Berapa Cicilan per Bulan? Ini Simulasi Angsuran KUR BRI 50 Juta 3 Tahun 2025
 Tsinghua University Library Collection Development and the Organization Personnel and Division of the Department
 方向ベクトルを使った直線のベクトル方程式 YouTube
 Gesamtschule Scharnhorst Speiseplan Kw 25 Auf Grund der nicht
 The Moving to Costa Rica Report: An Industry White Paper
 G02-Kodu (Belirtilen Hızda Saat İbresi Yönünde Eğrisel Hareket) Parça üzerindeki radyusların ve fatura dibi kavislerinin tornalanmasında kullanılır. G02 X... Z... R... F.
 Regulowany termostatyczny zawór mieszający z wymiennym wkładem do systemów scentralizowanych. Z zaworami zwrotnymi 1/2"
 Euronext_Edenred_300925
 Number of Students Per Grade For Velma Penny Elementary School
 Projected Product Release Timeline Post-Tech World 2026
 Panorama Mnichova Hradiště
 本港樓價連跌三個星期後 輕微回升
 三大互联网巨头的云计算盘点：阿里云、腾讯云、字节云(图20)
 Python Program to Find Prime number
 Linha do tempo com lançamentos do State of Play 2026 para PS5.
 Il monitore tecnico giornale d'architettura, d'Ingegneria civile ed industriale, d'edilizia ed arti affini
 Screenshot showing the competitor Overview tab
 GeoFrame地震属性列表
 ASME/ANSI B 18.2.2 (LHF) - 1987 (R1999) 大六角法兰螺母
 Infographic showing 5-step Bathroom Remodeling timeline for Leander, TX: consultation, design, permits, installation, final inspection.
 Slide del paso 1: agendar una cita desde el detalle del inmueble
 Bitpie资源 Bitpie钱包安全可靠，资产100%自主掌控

== == ==

> **TO DO**
Copy each line above that contains the word "showing".

> **SOLUTION**
 Screenshot showing the competitor Overview tab
 Infographic showing 5-step Bathroom Remodeling timeline for Leander, TX: consultation, design, permits, installation, final inspection.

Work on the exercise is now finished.